Leukaemia immunotherapy represents a fascinating and promising field of translational research, particularly as an integrative approach of bone marrow transplantation. Adoptive immunotherapy by the use of donor-derived expanded leukaemia-specific T cells has showed some kind of clinical response, but the major advance is nowadays represented by gene manipulation of donor immune cells, so that they acquire strict specificity towards the tumour target and potent lytic activity, followed by significant proliferation, increased survival and possibly anti-tumour memory state. This is achieved by gene insertion of Chimeric T-cell Antigen Receptors (CARs), which are artificial molecules containing antibody-derived fragments (to bind the specific target), joined with potent signalling T-Cell Receptor (TCR)-derived domains that activate the manipulated cells. This review will discuss the main application of this approach particularly focusing on the paediatric setting, raising advantages and disadvantages and discussing relevant perspectives of use in the nearest future.

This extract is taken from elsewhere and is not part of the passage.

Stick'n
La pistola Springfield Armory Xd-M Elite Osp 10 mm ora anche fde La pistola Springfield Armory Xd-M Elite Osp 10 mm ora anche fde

In vitro comparison of three different chimeric receptor-modified effector T-cell populations for leukemia cell therapy.

The identification of the optimal T-cell effector subtype is a crucial issue for adoptive cell therapy with chimeric receptor-modified T cells. The ideal T cell population must be able to home toward tumor site, exert prolonged antitumoral activity, and display minimal toxicity against normal tissues. Therefore, we characterized the in vitro antitumoral properties of three effector T-cell populations: Epstein-Barr virus-specific cytotoxic T lymphocytes (EBV-CTLs), cytokine-induced killer (CIK) cells, and γ9δ2 T (GDT) cells, after transduction with a chimeric receptor specific for the CD33 antigen, broadly expressed on acute myeloid leukemia cells. EBV-CTLs, CIK, and GDT cells were generated and transduced with high efficiency with a retroviral vector coding for an anti-CD33-ζ chimeric receptor without alterations of their native phenotype. Anti-CD33-ζ chimeric receptor-redirected T cells displayed analogous in vitro chemotactic activity toward CXCL12. In addition, anti-CD33-ζ chimeric receptor-expressing EBV-CTLs, CIK, and GDT cells showed potent and similar cytotoxicity against several CD33⁺ leukemic targets both in short-term 4-hours-5¹chromium-release assays (mean killing vs primary leukemic cells at effector:target ratio of 5:1; 50%, 61%, and 50% for EBV-CTLs, CIK, and GDT cells, respectively) and in long-term assays, where they were cocultured with leukemic cells for 6 days on stromal mesenchymal cells (mean survival of primary leukemic cells at effector:target ratio of 1:100; 18%, 16%, and 29% for EBV-CTLs, CIK, and GDT cells, respectively). Moreover, all effector cells acquired consistent capability to proliferate in vitro after contact with CD33⁺ cells and to release high and comparable levels of immunostimulatory cytokines, while secreting similar low amount of immunoregulatory cytokines as the unmanipulated counterpart. Our results indicate that expression of an anti-CD33-ζ chimeric receptor potently and similarly increase the antileukemic functions of different effector T-cell subtypes, underlying the impossibility to identify a more potent T-cell population through in vitro analysis, and consistently with recent observations that have emerged from clinical trials with chimeric receptor-modified T cells, suggesting the need to perform such type of studies in the human setting.